Task brief →
Write the listing out again word for word. Pictures do not belong in the copy.

⁂

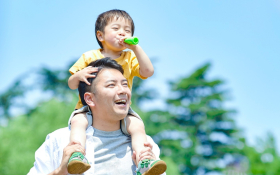 A child sits on their father's shoulders
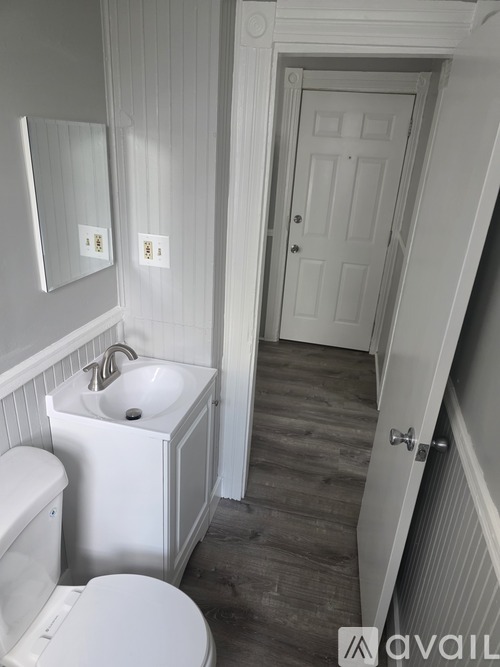 A bathroom with a toilet, sink, mirror and wooden floors.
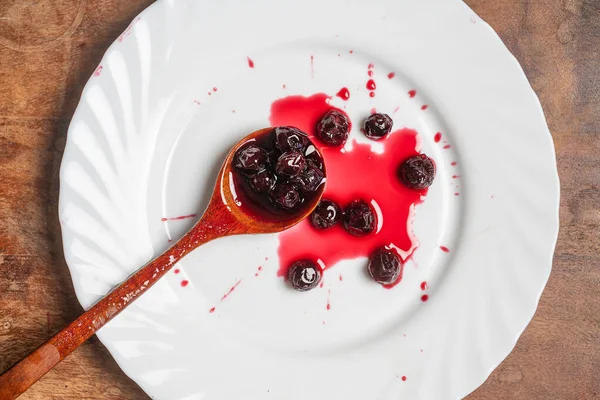 Red Cherry Jam White Plate Wooden Spoon Close Top View — Stockfoto
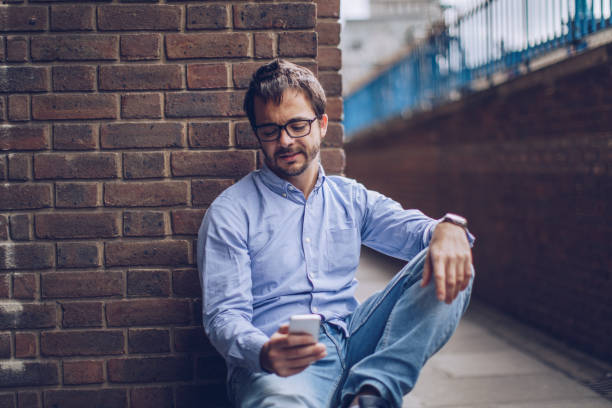 istock Man texting on the phone 937365476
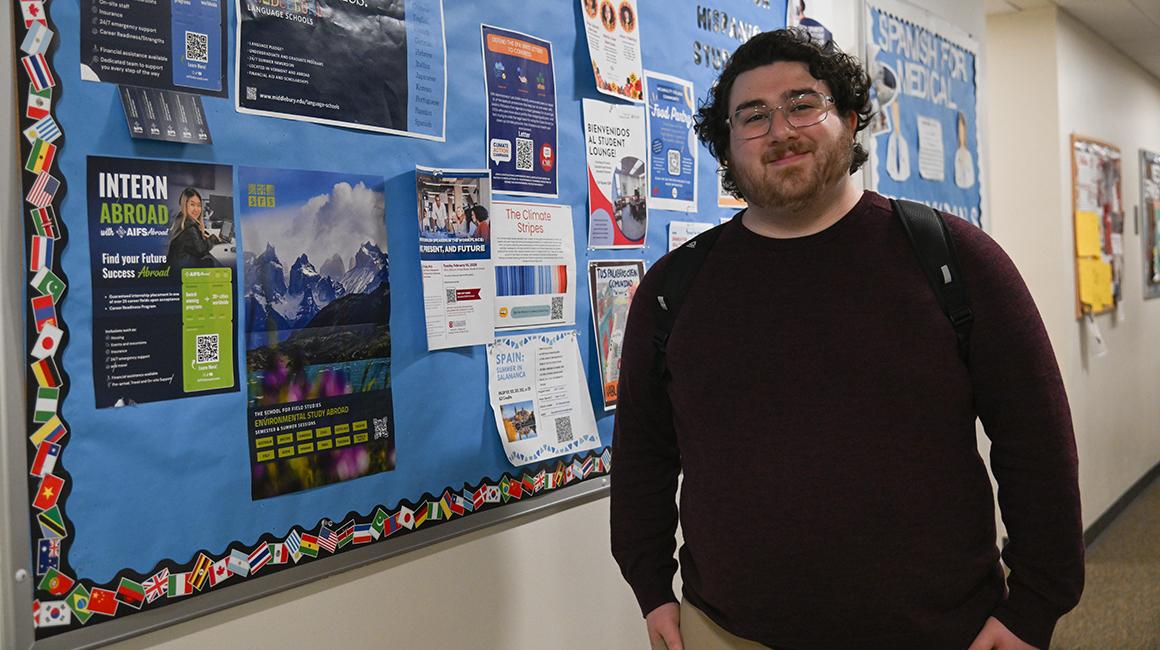 Nick Freilino stands outside the Center for Hispanic Studies against a bulletin board displaying opportunities within the Center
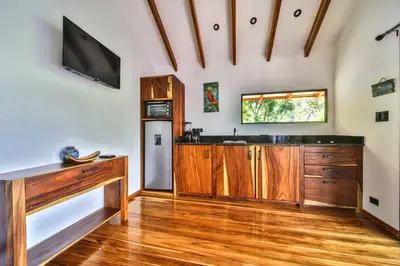 a kitchen with wooden cabinets and a tv on the wall at Beach resort playa Leona in Gigantes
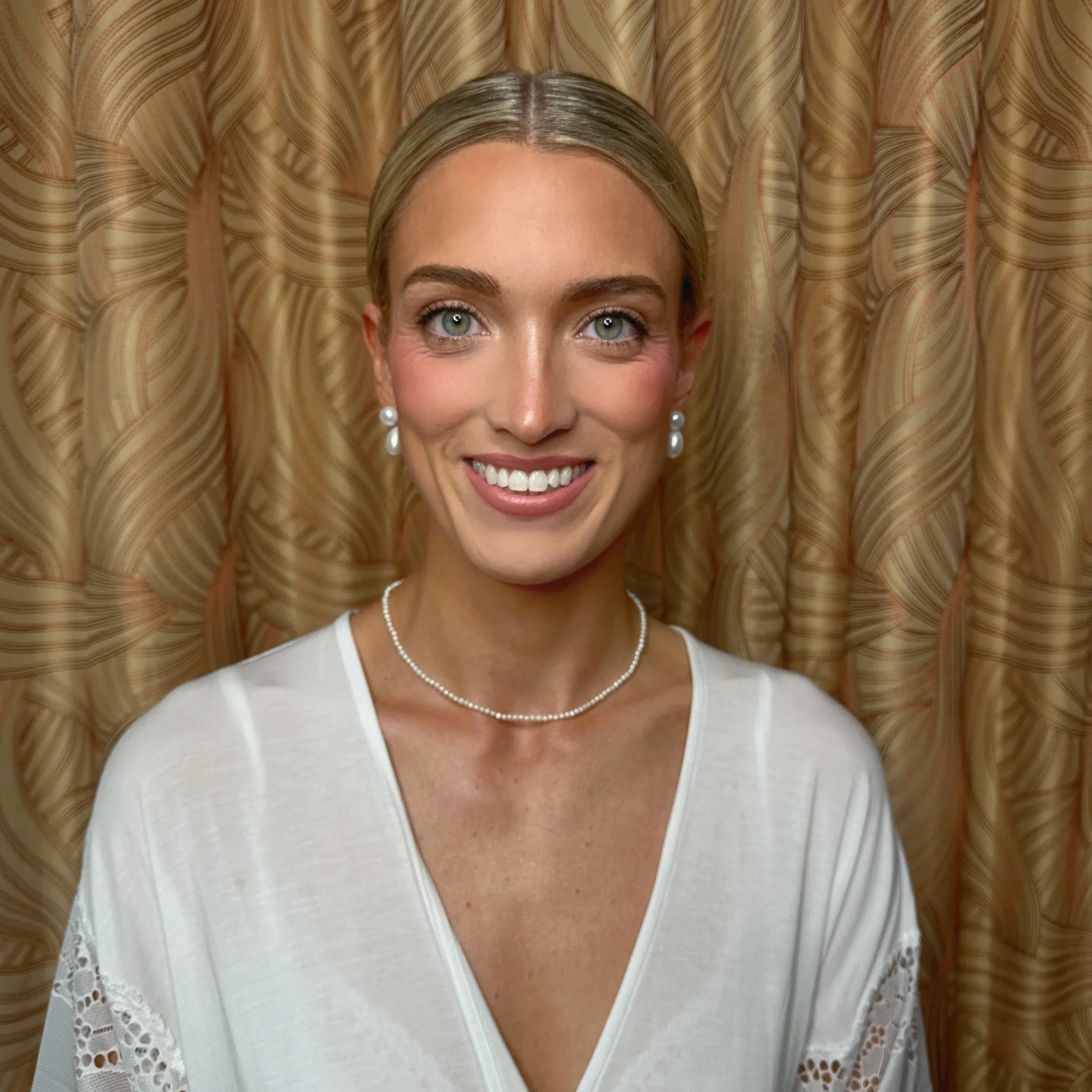 A smiling woman with blonde hair, wearing pearl earrings, a pearl necklace, and a white top, standing in front of a textured, wavy-patterned curtain.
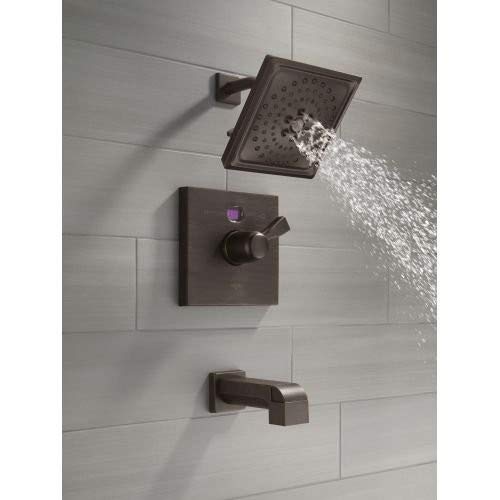 Venetian bronze shower valve trim kit with square showerhead and tub spout mounted on tile wall with water flowing.
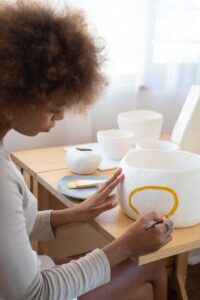 a woman painting a pot 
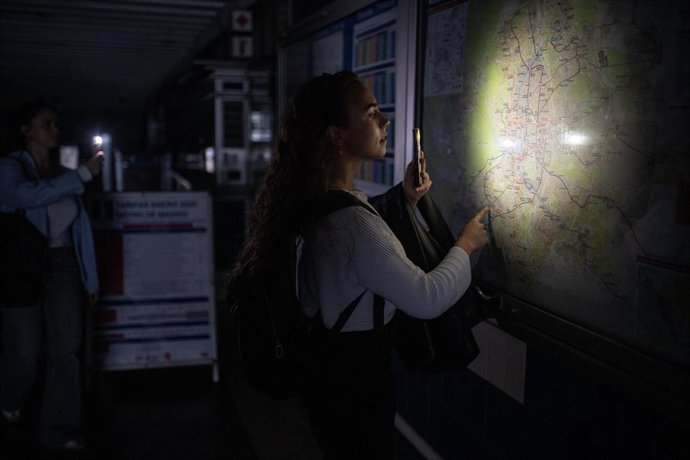 Una mujer ilumina con la linterna del móvil un plano de la red de Metro de Madrid en una estación, el 28 de abril de 2025 en Madrid, España.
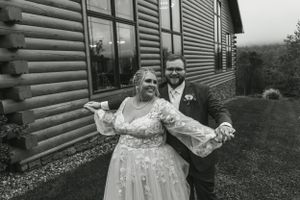 A joyful couple celebrates their wedding day in front of a log cabin-style building.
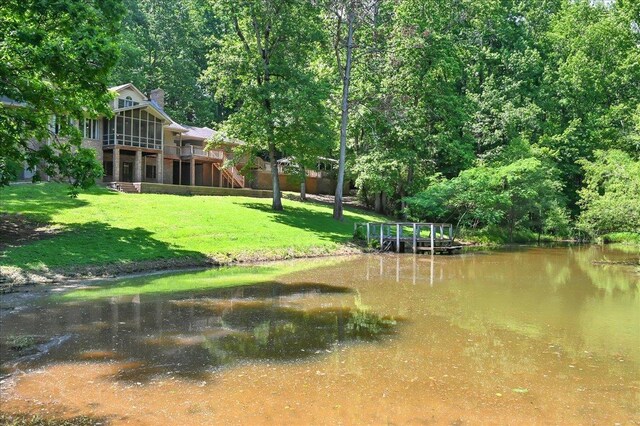  - view of green lawn featuring a forest view and a deck with water view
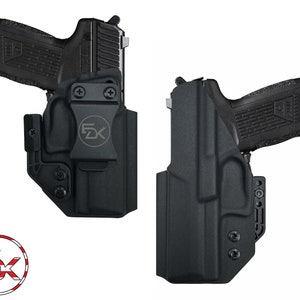 May include: Two black holsters for a handgun, with a black gun in one of the holsters. The holsters have a clip on the back and a button on the side. The holsters are made of a textured material.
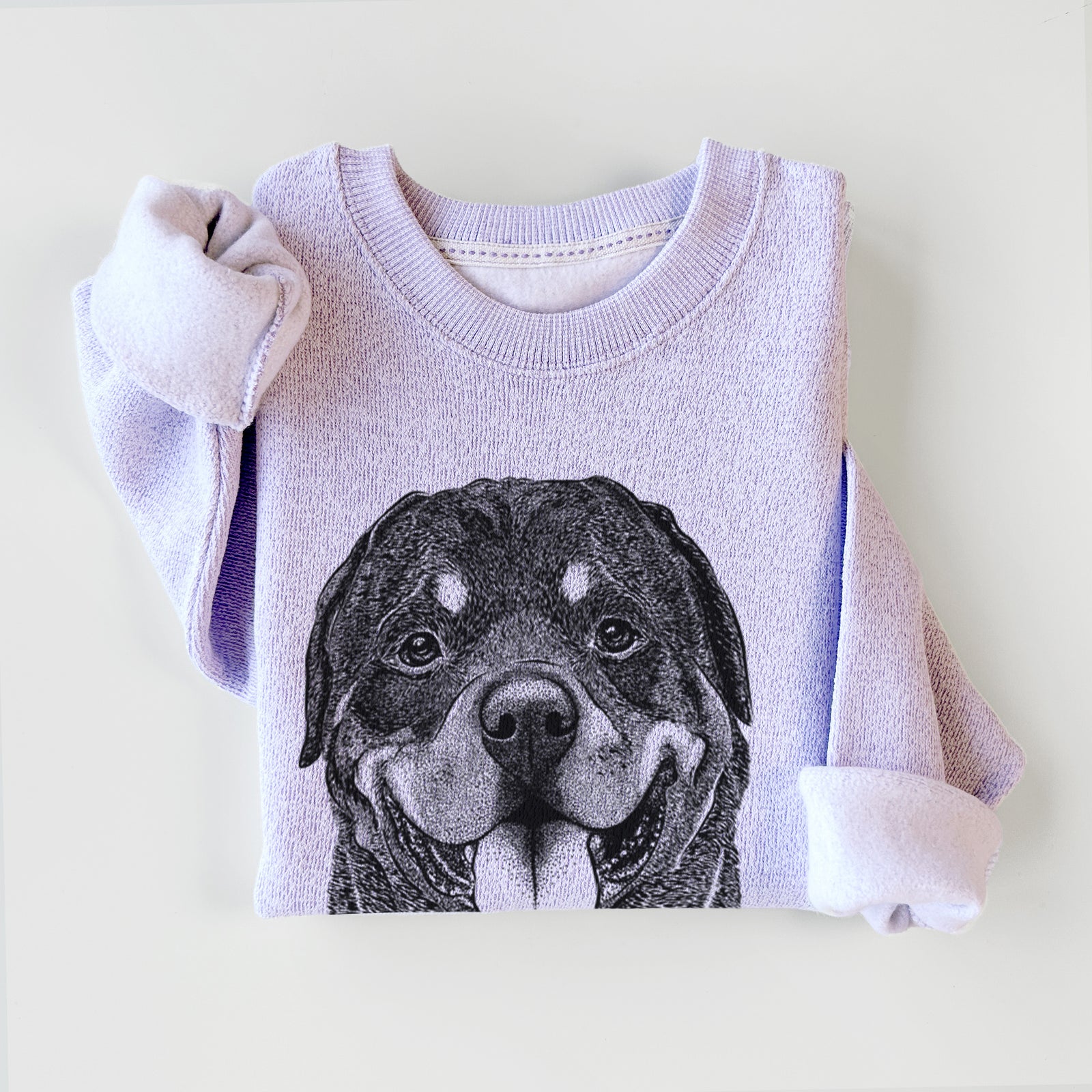 Hand-drawn sketch of Hagan the Rottweiler on an Ice Purple knit sweatshirt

⁂

Problem solution →
 A child sits on their father's shoulders
 A bathroom with a toilet, sink, mirror and wooden floors.
 Red Cherry Jam White Plate Wooden Spoon Close Top View — Stockfoto
 istock Man texting on the phone 937365476
 Nick Freilino stands outside the Center for Hispanic Studies against a bulletin board displaying opportunities within the Center
 a kitchen with wooden cabinets and a tv on the wall at Beach resort playa Leona in Gigantes
 A smiling woman with blonde hair, wearing pearl earrings, a pearl necklace, and a white top, standing in front of a textured, wavy-patterned curtain.
 Venetian bronze shower valve trim kit with square showerhead and tub spout mounted on tile wall with water flowing.
 a woman painting a pot 
 Una mujer ilumina con la linterna del móvil un plano de la red de Metro de Madrid en una estación, el 28 de abril de 2025 en Madrid, España.
 A joyful couple celebrates their wedding day in front of a log cabin-style building.
  - view of green lawn featuring a forest view and a deck with water view
 May include: Two black holsters for a handgun, with a black gun in one of the holsters. The holsters have a clip on the back and a button on the side. The holsters are made of a textured material.
 Hand-drawn sketch of Hagan the Rottweiler on an Ice Purple knit sweatshirt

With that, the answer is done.